**Work to be completed**
Restate word for word the lines from the one bearing "破***蝶手串/手链橄榄核地主财神" through the end of the entries below, and leave every picture out.

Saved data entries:
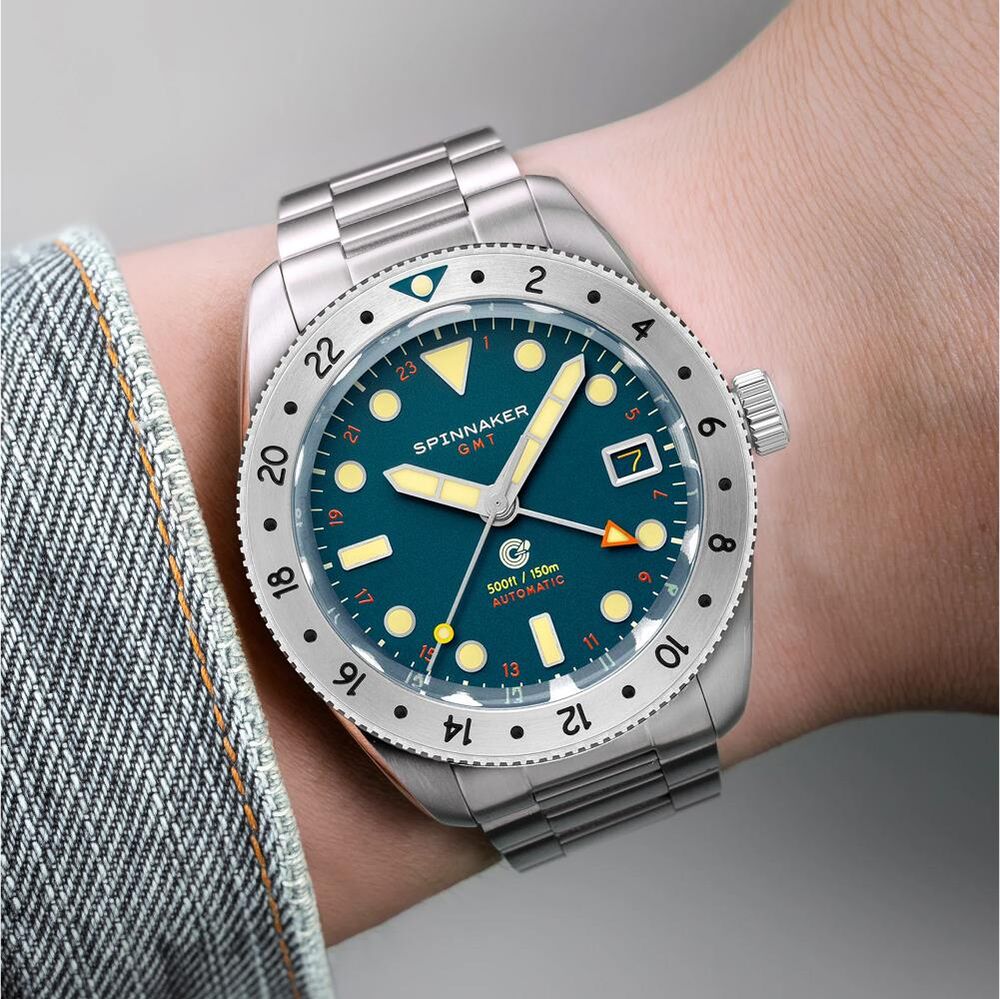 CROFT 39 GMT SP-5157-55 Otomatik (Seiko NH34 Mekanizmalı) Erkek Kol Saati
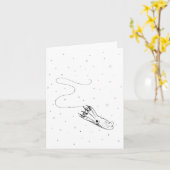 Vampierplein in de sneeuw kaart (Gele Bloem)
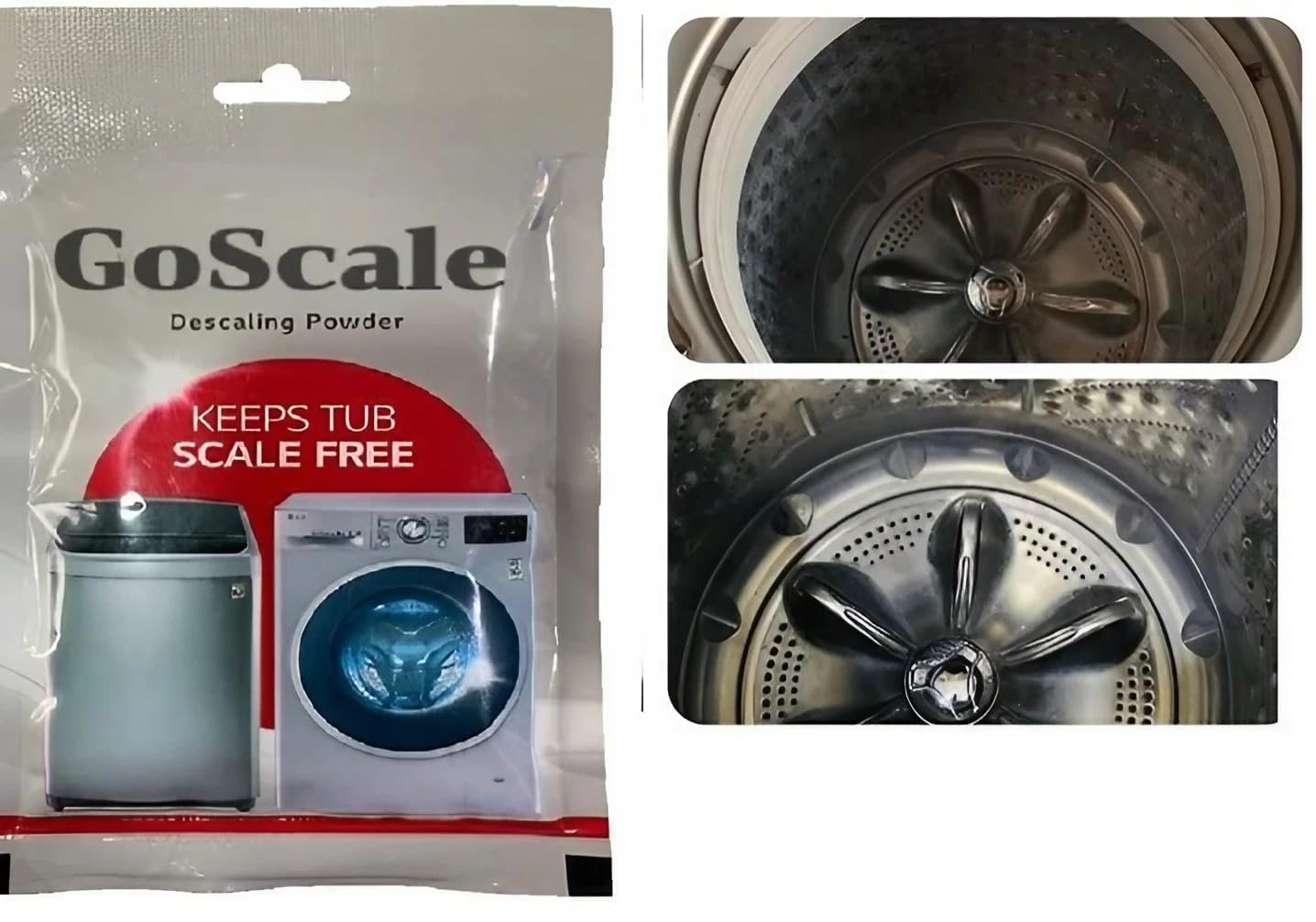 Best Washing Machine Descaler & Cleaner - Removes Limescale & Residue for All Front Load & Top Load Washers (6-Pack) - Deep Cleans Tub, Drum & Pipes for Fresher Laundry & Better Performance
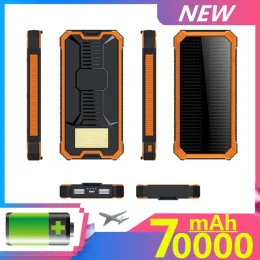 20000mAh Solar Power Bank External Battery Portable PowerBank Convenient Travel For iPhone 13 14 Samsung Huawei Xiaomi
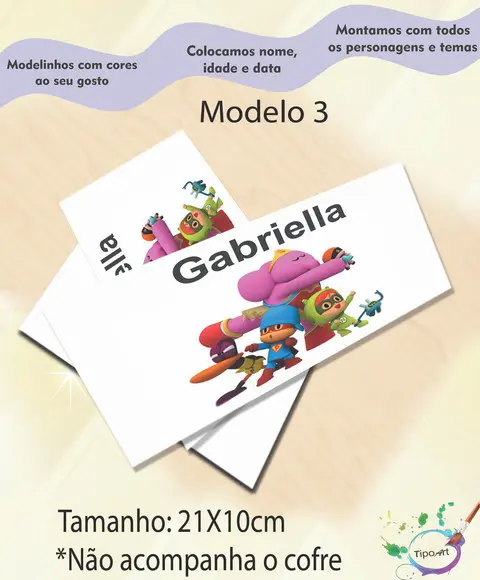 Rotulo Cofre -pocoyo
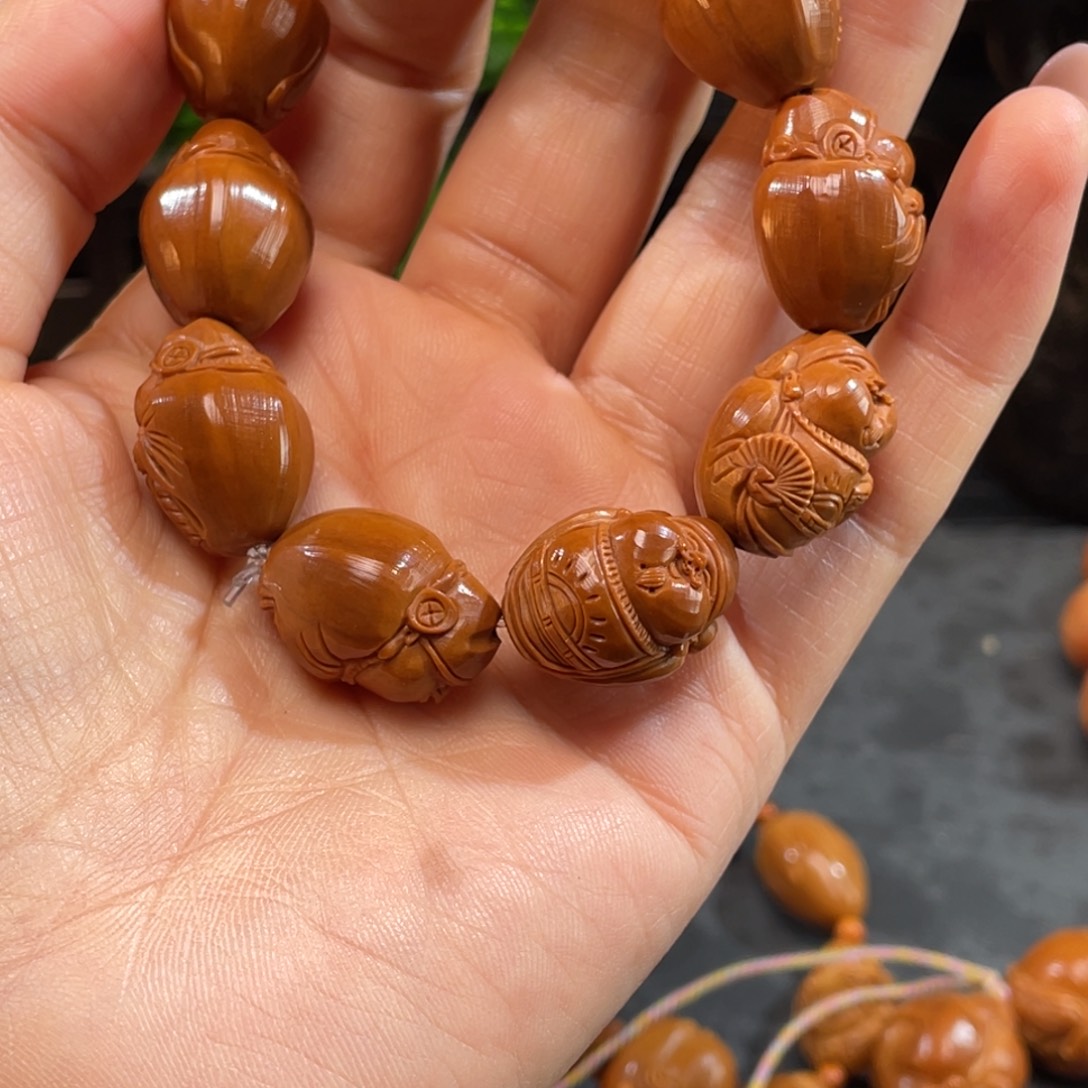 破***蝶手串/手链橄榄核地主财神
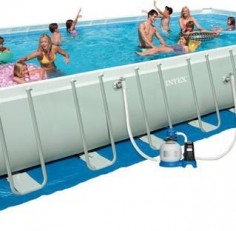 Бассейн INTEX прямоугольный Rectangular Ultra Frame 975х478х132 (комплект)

**Task response**
 破***蝶手串/手链橄榄核地主财神
 Бассейн INTEX прямоугольный Rectangular Ultra Frame 975х478х132 (комплект)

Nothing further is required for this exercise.